If the runaway success of its cheap knockoffs is anything to go by, Xbox 360 owners have been eagerly awaiting the arrival of Minecraft Xbox 360 Edition. Now that it’s finally arrived with a feature-set that’s considerably pared down compared to the PC release version, and costing ten times more than the Indie imitators, Minecraft might have its work cut out trying to justify the 1600 MSP asking price.
In case this is your first time visiting a videogame website, Minecraft is a PC indie sensation that deposits gamers into a fully malleable blocky world, allowing them to mine for resources, and craft survival supplies, but other than that, there is no discernible objective. However, at nighttime in this idiosyncratically presented world, monsters will emerge to kill players who haven’t yet found shelter, which will quickly present the first short term goal: survive.

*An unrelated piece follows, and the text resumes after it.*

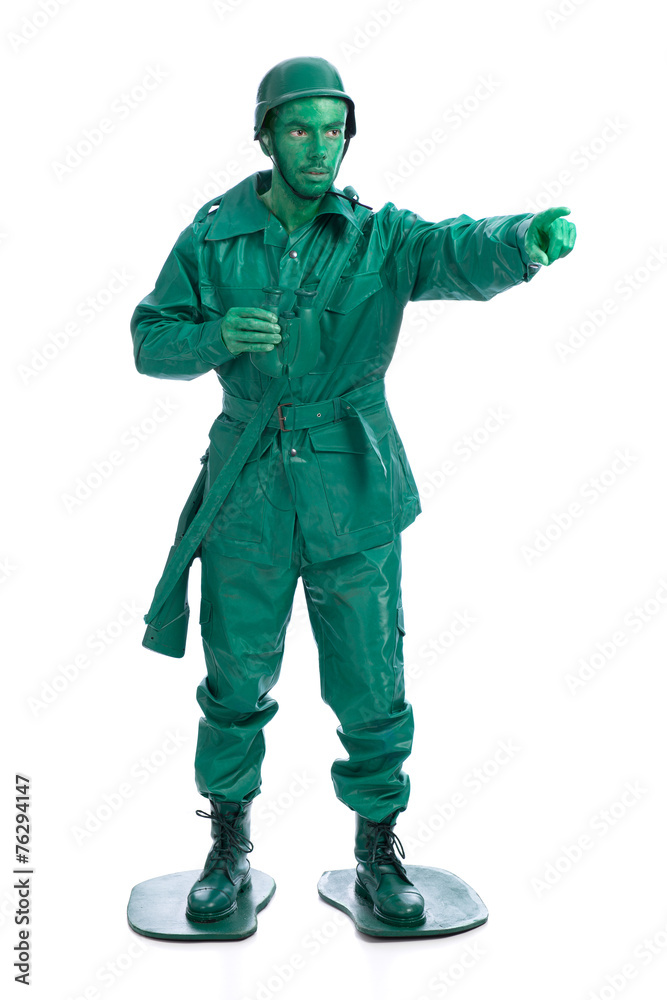 Man on a green toy soldier costume Man on a green toy soldier costume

The sense of wonder and sheer possibility that Minecraft offers is intoxicating in a way unlike any other game. Those first few moments of frantically scrabbling around in the dirt with your bare hands, struggling to survive the night will be regarded by many as a watershed moment in gaming history. It’s an experience that takes on all the more salience once you’ve established a comfortable foothold – from the top floor of the opulent tower I built myself, I like to look out on the plains I started from, with naught but my bare hands.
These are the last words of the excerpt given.